Defendant Marie E. Lindblom is an intelligent woman and can read and write, and presumably knew what she was doing when she signed these notes. She testified that she signed them at the request of her husband, but that she personally owed plaintiff nothing. She knew, however, that these were renewal notes, and testified that when she signed them she knew they would increase her husband’s credit. Under the circumstances when she signed the notes at her husband’s request, with knowledge that signing them would increase her husband’s credit, it constituted a good consideration running to this defendant, and she cannot escape liability.

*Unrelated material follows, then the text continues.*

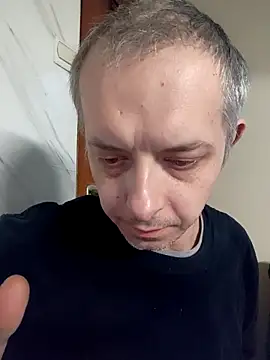 szajbusek41 online show from February 4, 6:41 am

The finding of the jury that the notes were without consideration *170so far as the answering defendant was concerned, was contrary to and against the weight of the evidence.

When a wife signs her husband’s note as a joint maker, and the note is given for his debt, there is a presumption that she intended tó bind herself as a surety, and she should not be released from liability on her simple statement that she did not read the instruments when she signed them, and did not recall aDything about the transactions. (Hover v. Magley, 116 App. Div. 84; Maurice v. Fowler, 78 Misc. 357.)

The judgment and order should be reversed on the law and judgment entered for plaintiff on its motion for a directed verdict, with costs.

Hubbs, P. J., Davis, Crouch and Taylor, JJ., concur.

Judgment and order reversed on the law and judgment directed for the plaintiff upon its motion for a directed verdict, with costs.